Tomando por empréstimo o título com que Eric Hobsbawm o baptizou, (sobretudo relativamente ao período que vai de 1914 a 1992) recordamo-lo como “A Era dos Extremos” [4], querendo significar, por aí, que não terá havido outro intervalo secular tão pejado de violência de tal modo intensa, empreendimentos tão arriscados, realizações marcantes, profundas, espantosas e terríveis.
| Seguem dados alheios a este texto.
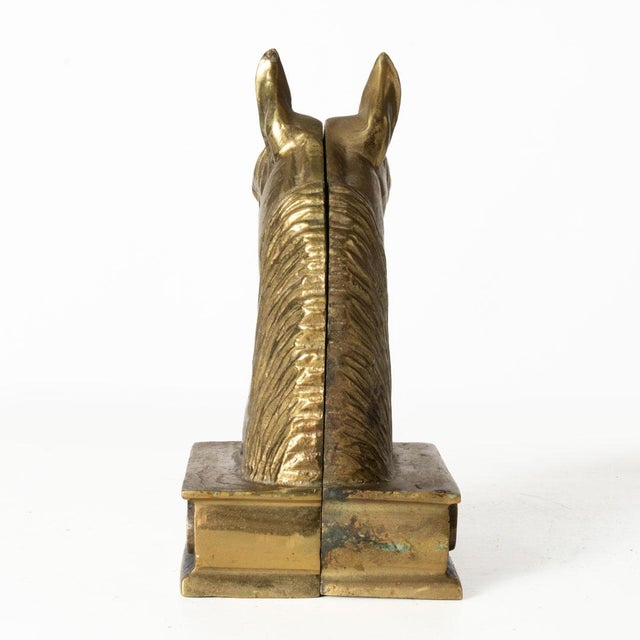 Postmodern Brass Virginia Metalcrafters Horse Bookends 1950's For Sale - Image 3 of 9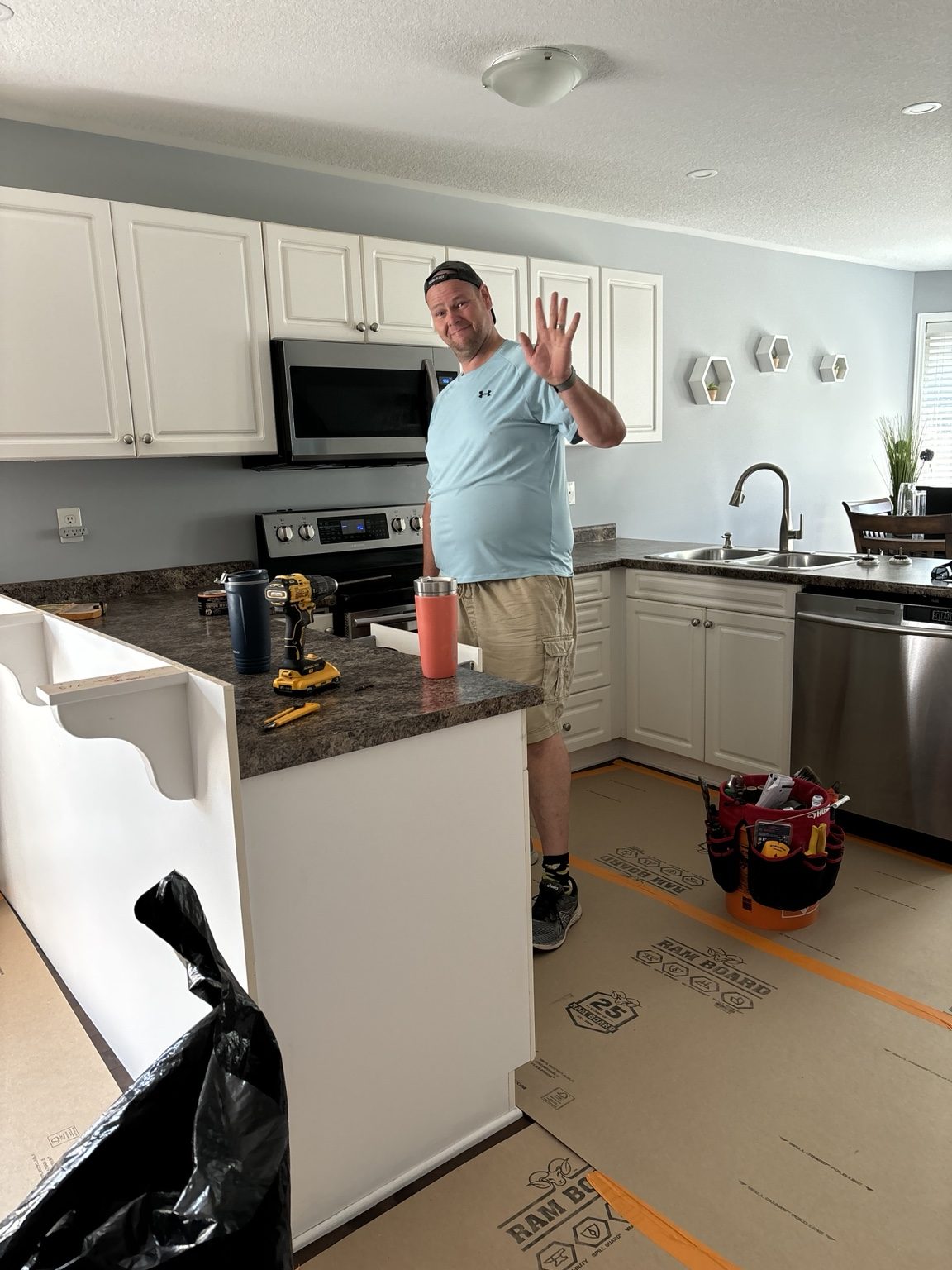 Kitchen cabinet installation in progress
Aos que assim falam por terem nascido e vivido nesses anos, deve ser descontada a tendência que sempre se verificou de exagerarmos as grandezas e misérias do tempo das nossas vidas. Contudo, basta evocar o triunfo dos programas aeroespaciais (chegada do homem à Lua), por um lado, e o potencial destrutivo das duas bombas atómicas lançadas sobre Hiroxima e Nagasáqui, por outro lado, para admitirmos que o Século XX foi diferente dos anteriores, não apenas pelas esperanças que desencadeou no alargamento dos horizontes do conhecimento, mas também pelas perversões, destruições e desumanidades a que deu azo.
[1] O Prémio começou por ser de 150.782 coroas suecas, em 1901, e é hoje de 10.000.000. Cfr Em 1949 valia 156.290 coroas suecas. http://nobelprize.org/nobel_prizes/peace/amount.html
[2] Até à alteração estatutária de 1974, a Fundação Nobel mantinha os seus arquivos em segredo absoluto. A regra dos 50 anos é assim vista como uma cedência pela Fundação…
[3] Conceito proposto por Harriet Zuckerman no seu estudo acerca da “população Nobel” - The Scientific Elite. Nobel laureates in the United States, New York, Free Press, 1977.
[4] Hobsbawm, Eric., (1996), A era dos extremos. Breve história do sécilo XX - 1914-1991, Lisboa, Presença.